Exercise data:
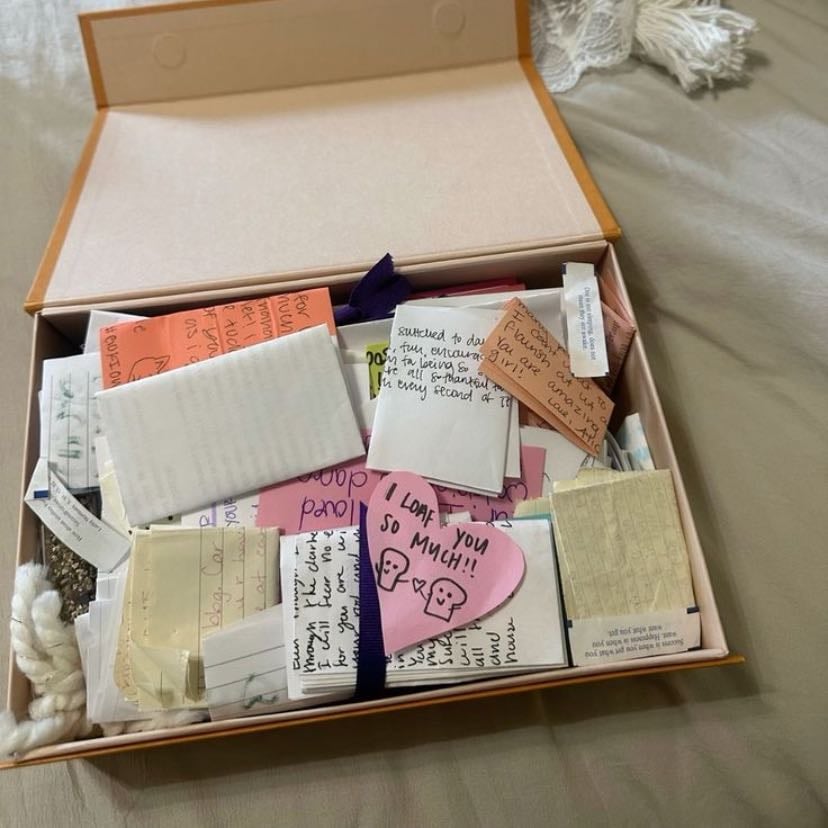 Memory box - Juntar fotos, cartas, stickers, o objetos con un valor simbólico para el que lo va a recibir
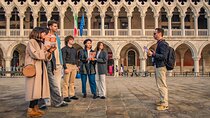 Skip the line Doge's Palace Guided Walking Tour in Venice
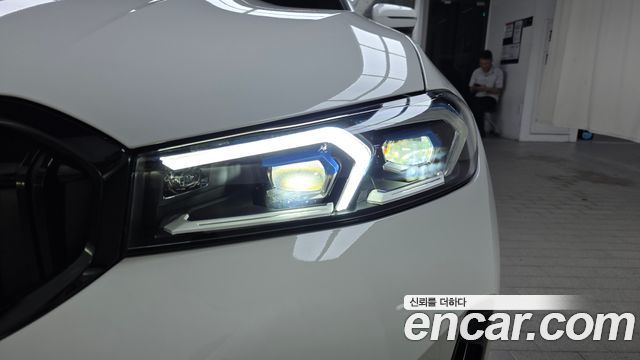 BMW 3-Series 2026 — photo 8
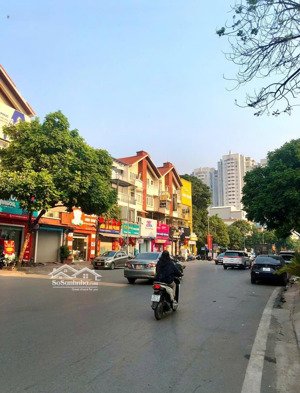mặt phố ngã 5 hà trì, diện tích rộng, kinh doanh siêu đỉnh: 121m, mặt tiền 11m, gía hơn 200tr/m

* * *

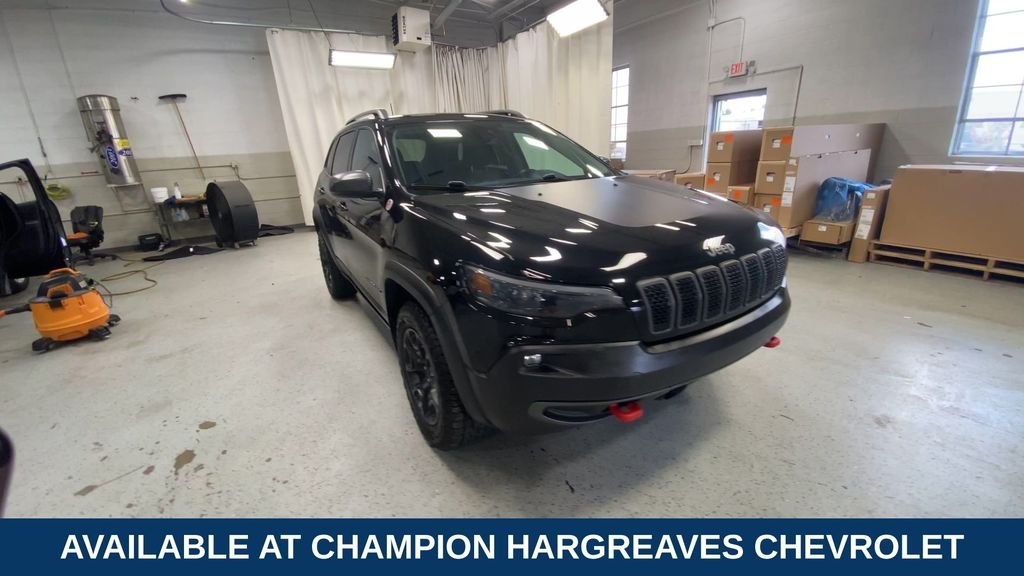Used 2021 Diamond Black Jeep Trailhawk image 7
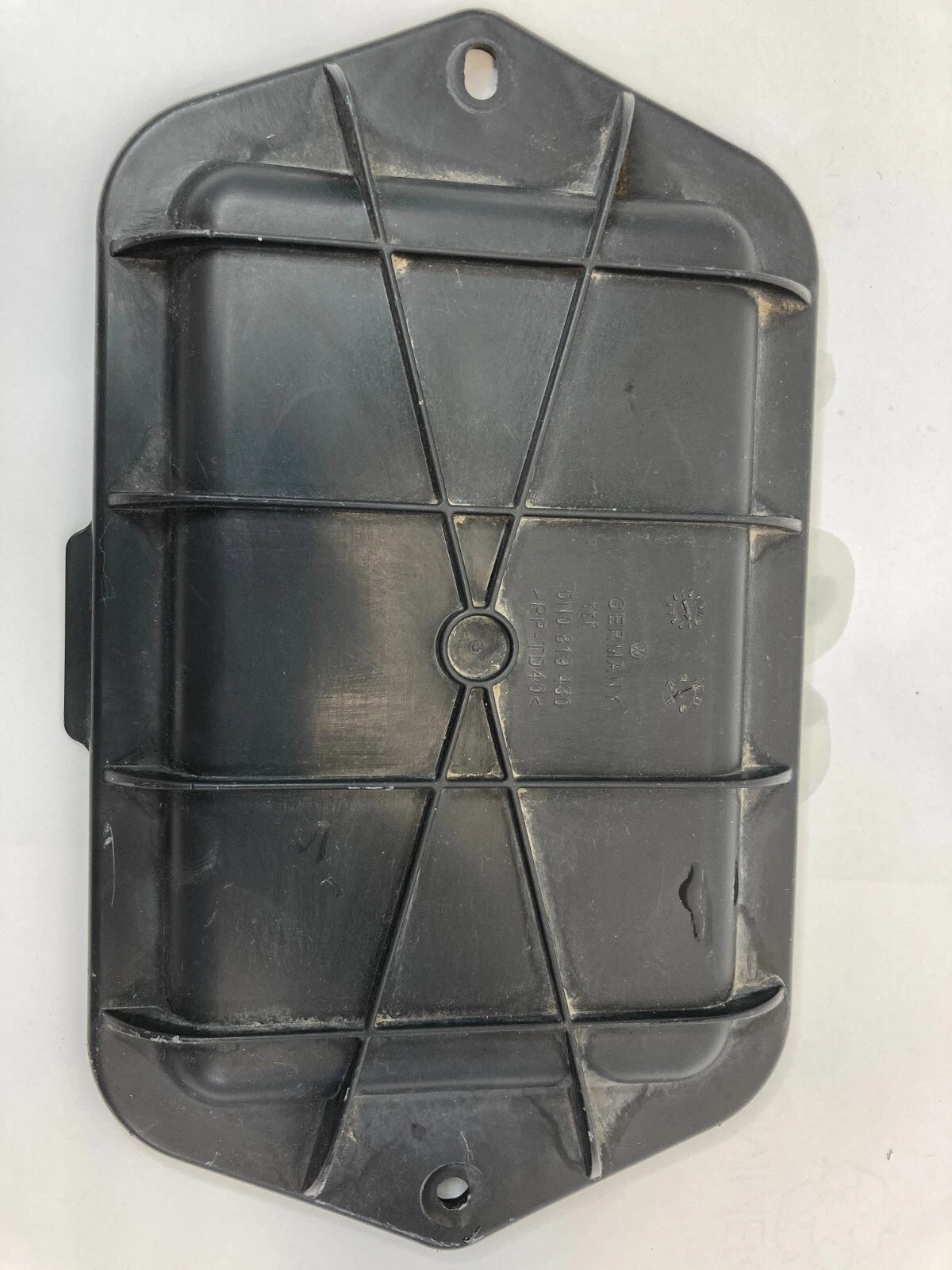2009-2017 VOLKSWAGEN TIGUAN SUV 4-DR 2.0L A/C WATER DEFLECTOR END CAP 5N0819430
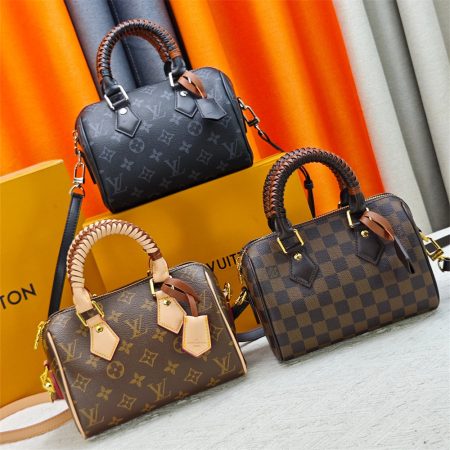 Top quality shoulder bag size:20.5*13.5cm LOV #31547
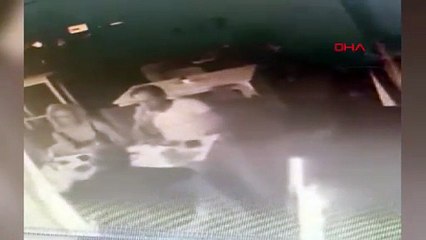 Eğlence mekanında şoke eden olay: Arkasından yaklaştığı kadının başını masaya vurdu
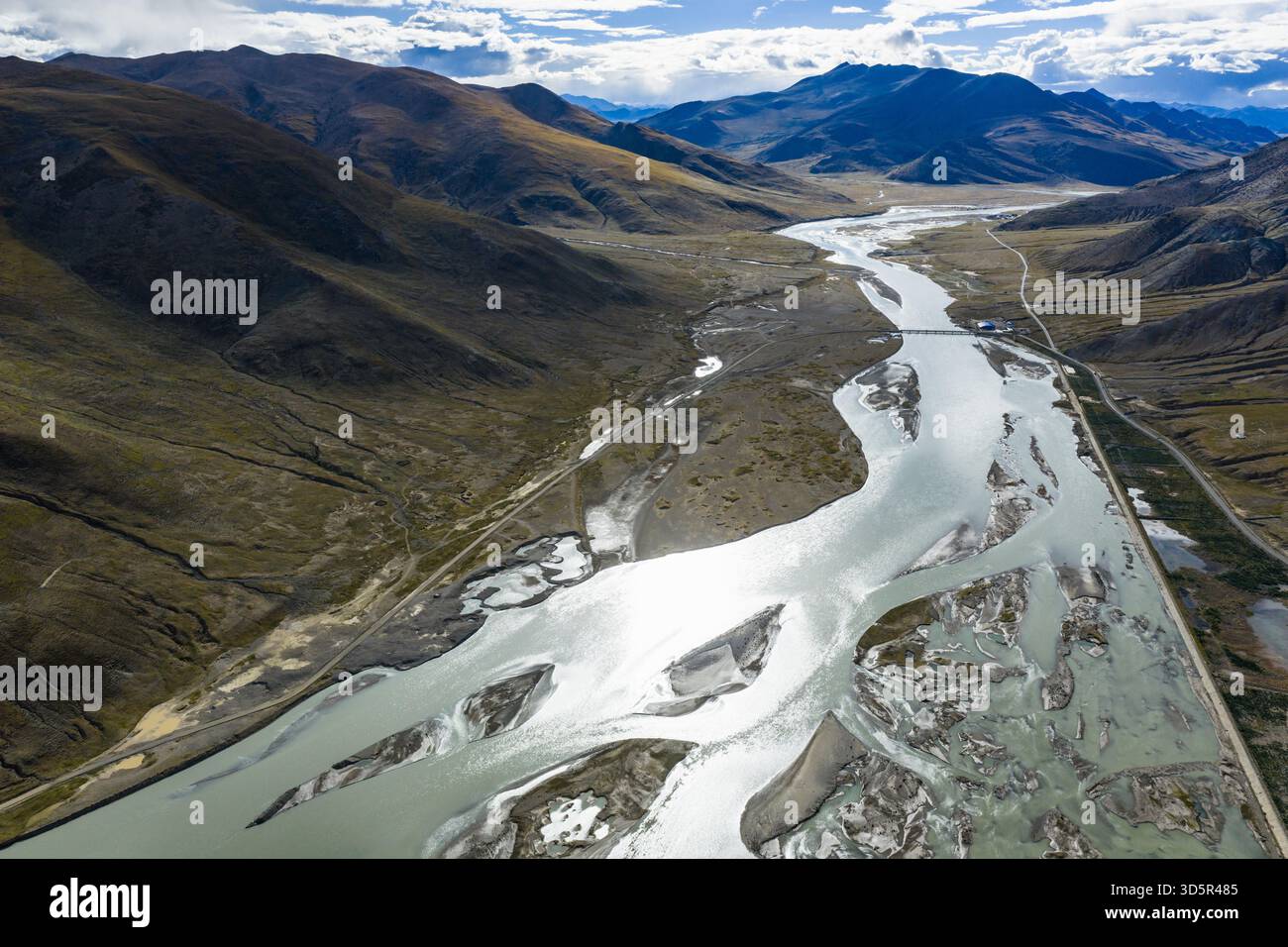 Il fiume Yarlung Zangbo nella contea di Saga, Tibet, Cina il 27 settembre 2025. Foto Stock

==

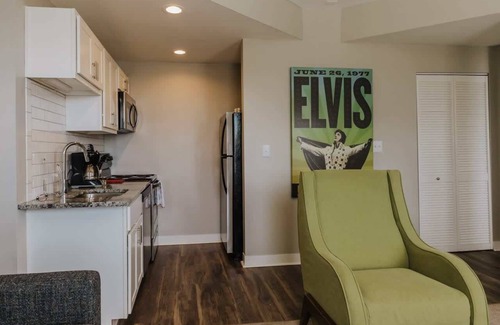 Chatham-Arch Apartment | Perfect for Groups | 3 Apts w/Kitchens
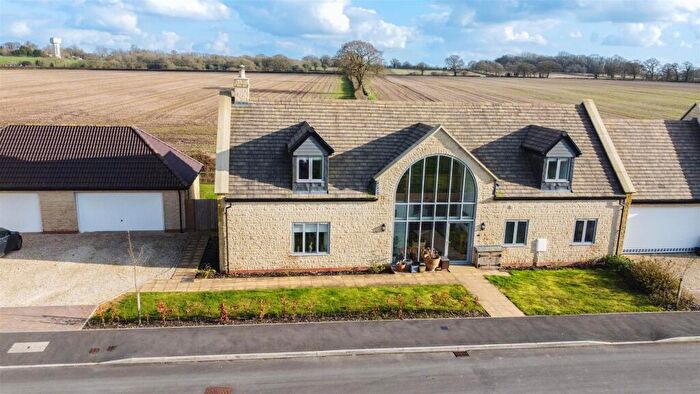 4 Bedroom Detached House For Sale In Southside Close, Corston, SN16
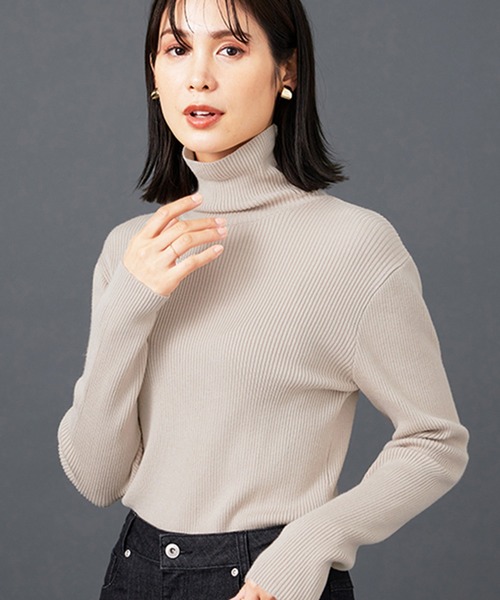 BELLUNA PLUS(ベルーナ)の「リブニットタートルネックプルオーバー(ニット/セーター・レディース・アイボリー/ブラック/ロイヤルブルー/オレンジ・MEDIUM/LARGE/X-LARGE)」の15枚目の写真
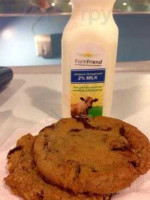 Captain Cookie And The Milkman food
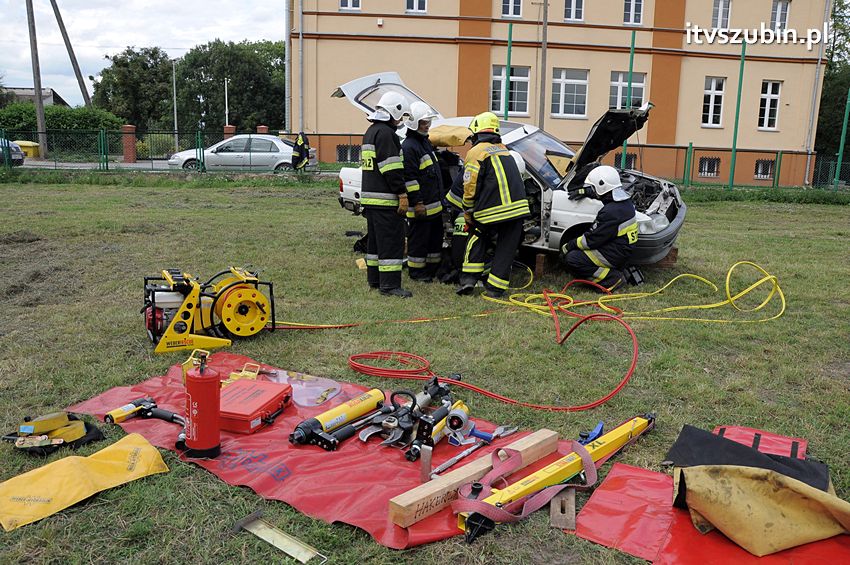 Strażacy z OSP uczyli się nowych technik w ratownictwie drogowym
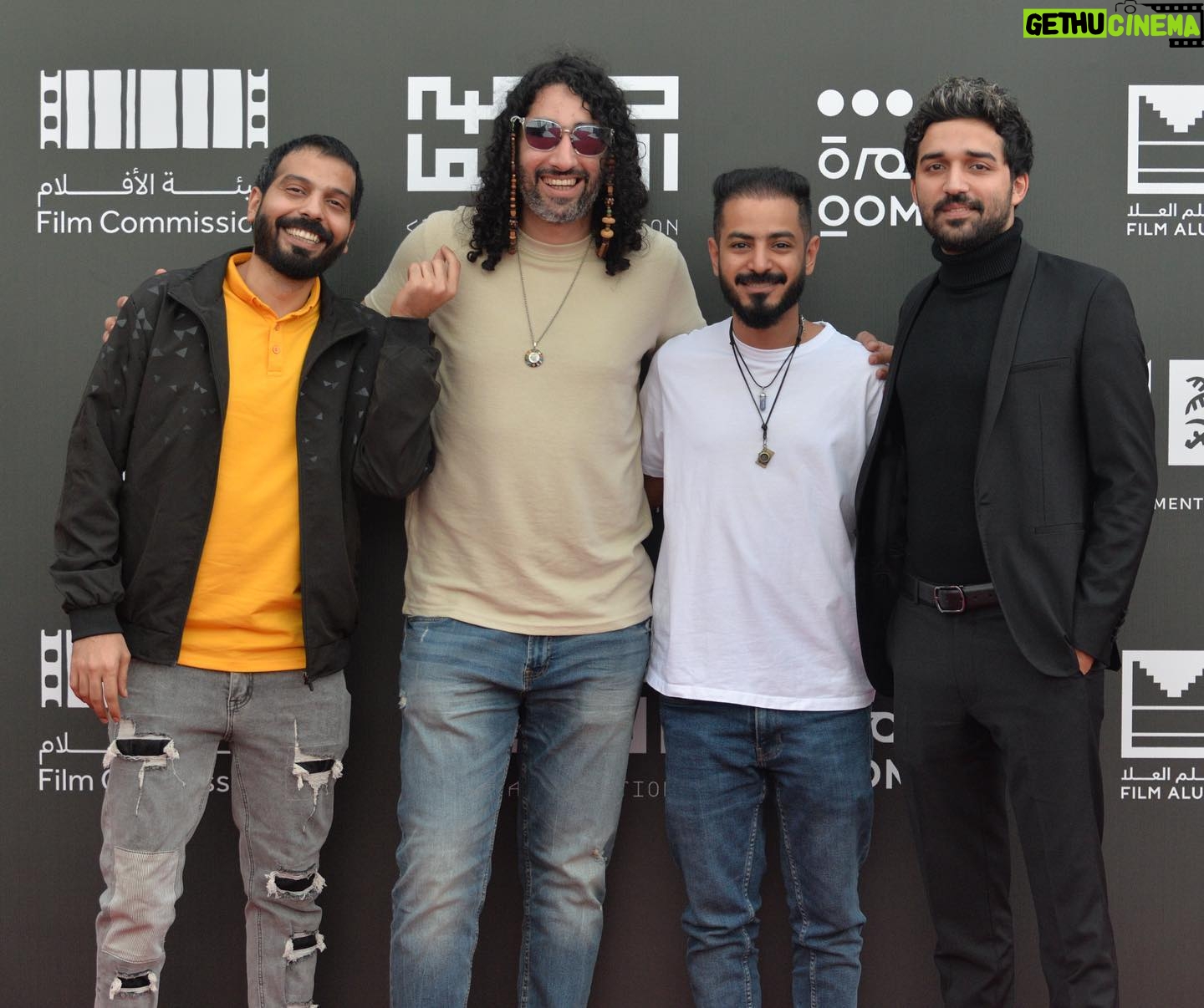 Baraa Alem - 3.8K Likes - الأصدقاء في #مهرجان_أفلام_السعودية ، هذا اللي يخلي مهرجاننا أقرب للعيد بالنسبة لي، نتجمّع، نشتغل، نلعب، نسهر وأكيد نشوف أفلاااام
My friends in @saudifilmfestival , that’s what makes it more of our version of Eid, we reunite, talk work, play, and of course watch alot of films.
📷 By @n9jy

Problem to work on:
Write out again exactly the lines above from the one with "Memory box - Juntar" through the one with "mặt phố ngã", adding no other lines and no pictures.

The completed task:
 Memory box - Juntar fotos, cartas, stickers, o objetos con un valor simbólico para el que lo va a recibir
 Skip the line Doge's Palace Guided Walking Tour in Venice
 BMW 3-Series 2026 — photo 8
mặt phố ngã 5 hà trì, diện tích rộng, kinh doanh siêu đỉnh: 121m, mặt tiền 11m, gía hơn 200tr/m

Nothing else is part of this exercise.